PROBLEM TO SOLVE> For every line below, restate it exactly and drop the images.

SOURCE MATERIAL>
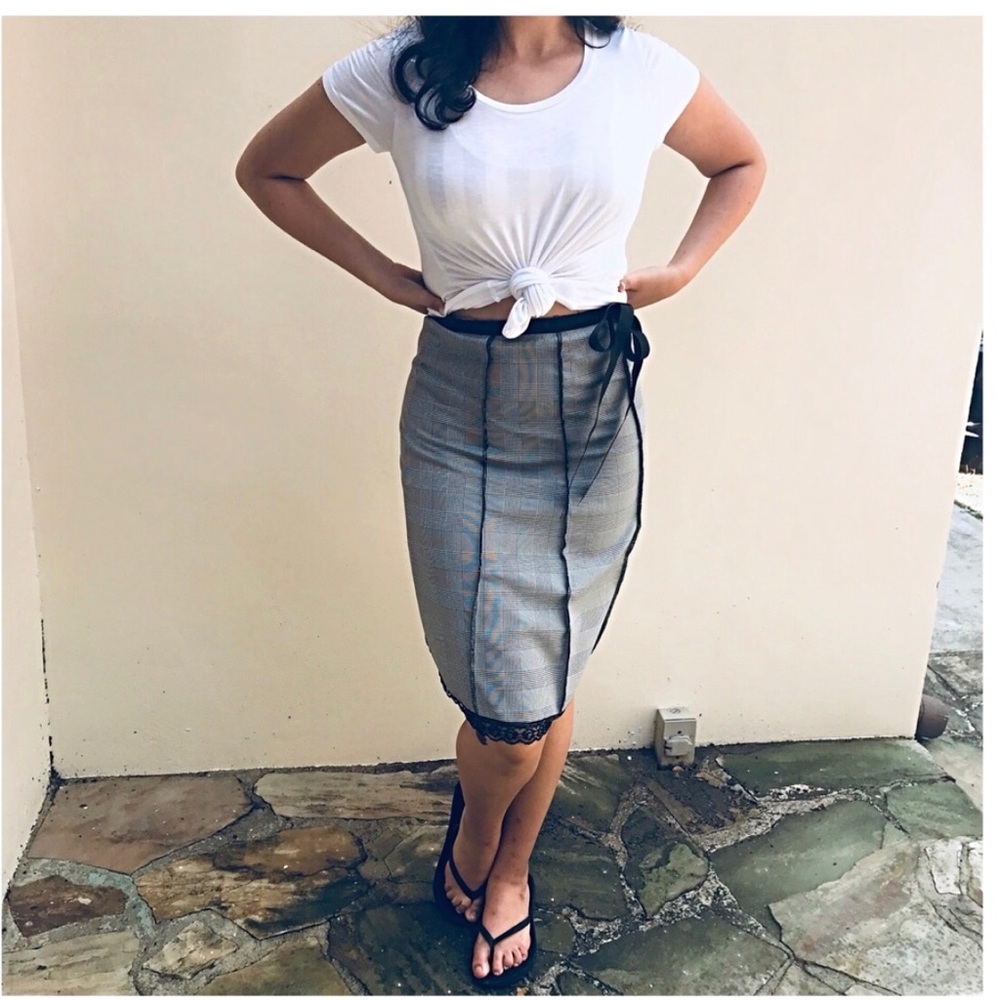 Grey Plaid Side Tie Midi Skirt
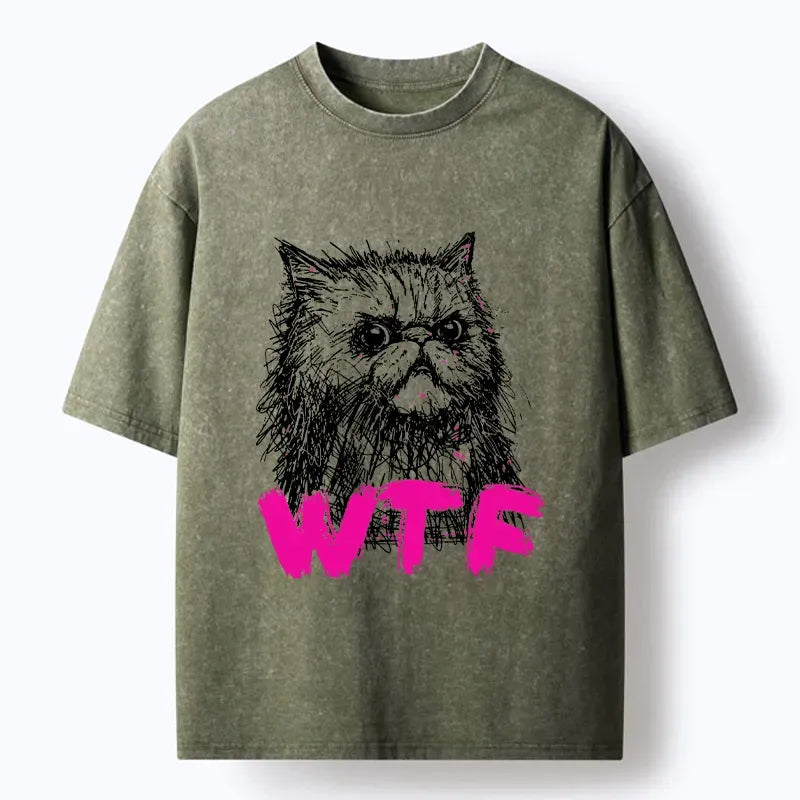 Kyoto-Lion Angry And Sloppy Cat Washed T-Shirt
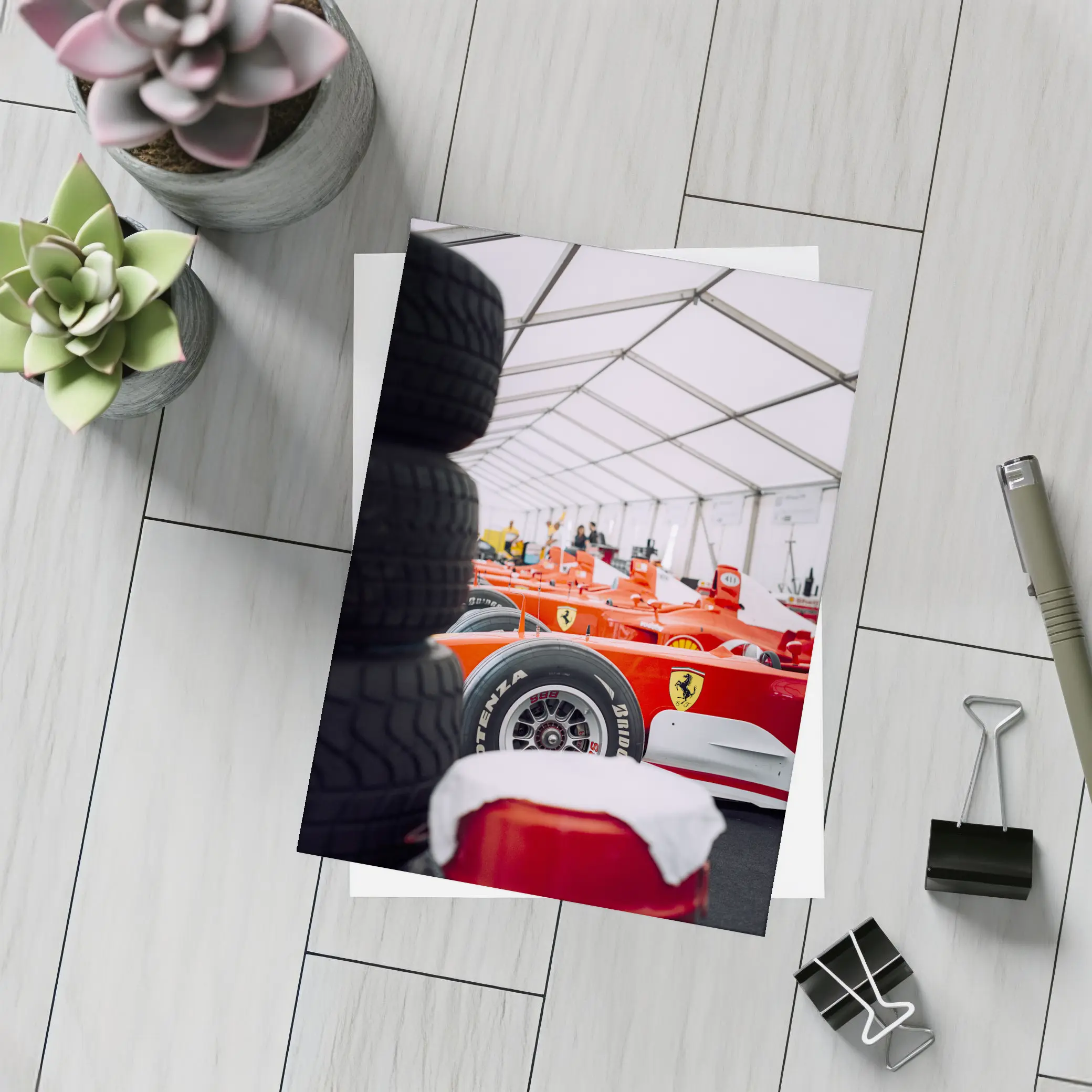 Ferrari Formula One Cars Paddock Garage – Postcards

RESULT FOR THIS TASK>
 Grey Plaid Side Tie Midi Skirt
 Kyoto-Lion Angry And Sloppy Cat Washed T-Shirt
 Ferrari Formula One Cars Paddock Garage – Postcards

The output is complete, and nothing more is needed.